** Opening Given information block **

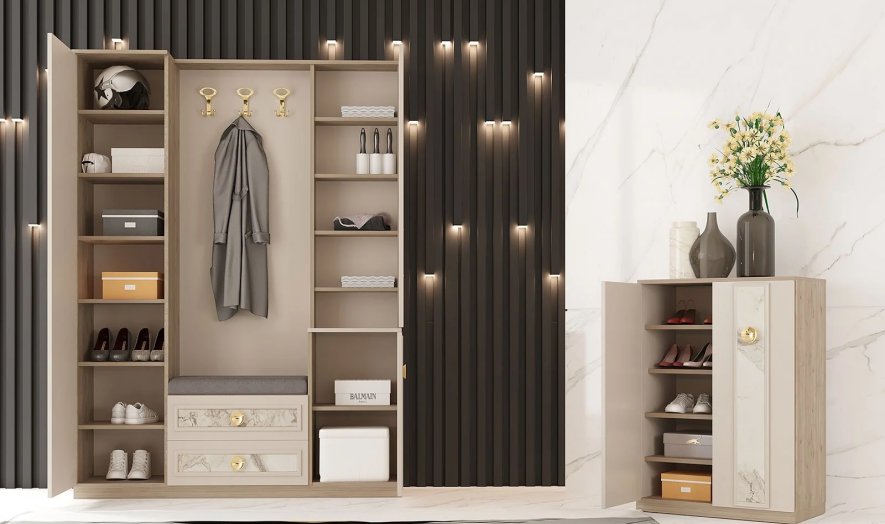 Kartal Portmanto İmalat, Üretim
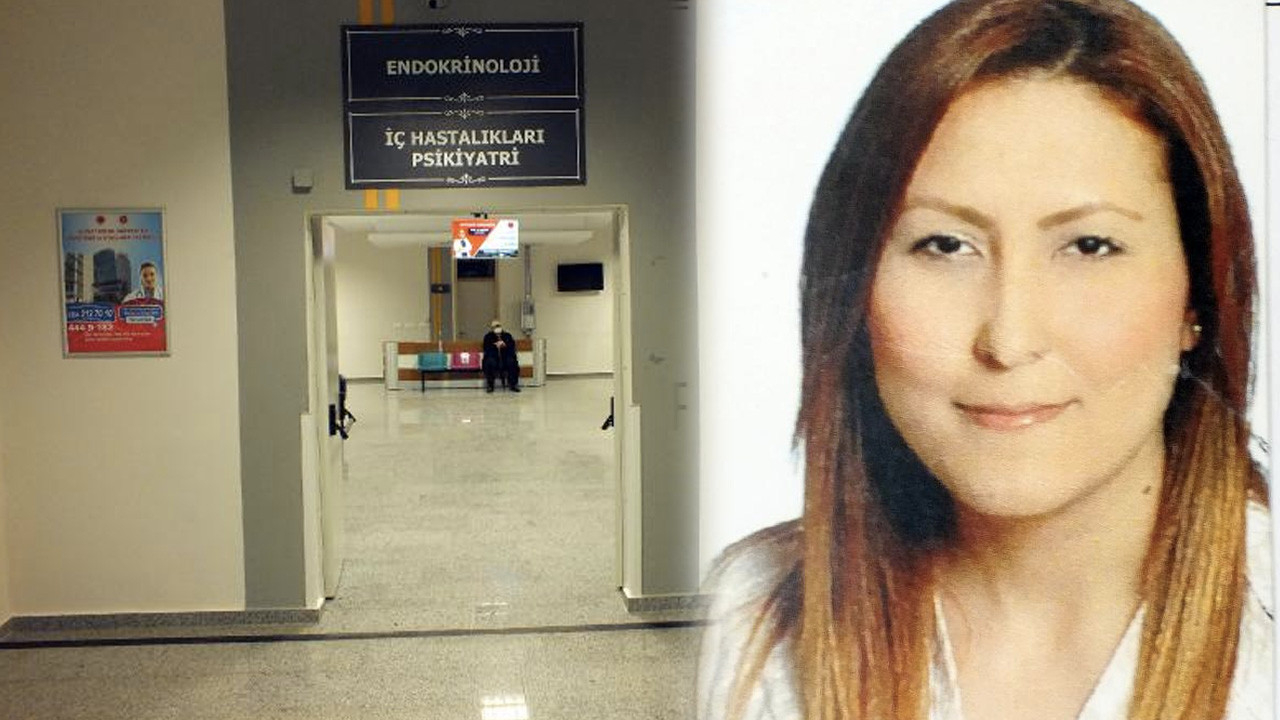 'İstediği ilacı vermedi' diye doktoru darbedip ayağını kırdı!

** Closing Given information block **
** Opening Given information block **

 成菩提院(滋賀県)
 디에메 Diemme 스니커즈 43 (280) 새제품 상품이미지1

** Closing Given information block **

## Exercise requirements
Copy exactly the material above from the line with "Kartal Portmanto İmalat, Üretim" to the line with "darbedip ayağını kırdı!", ends included, and nothing else. Leave out any picture.

## Solution to the problem
 Kartal Portmanto İmalat, Üretim
 'İstediği ilacı vermedi' diye doktoru darbedip ayağını kırdı!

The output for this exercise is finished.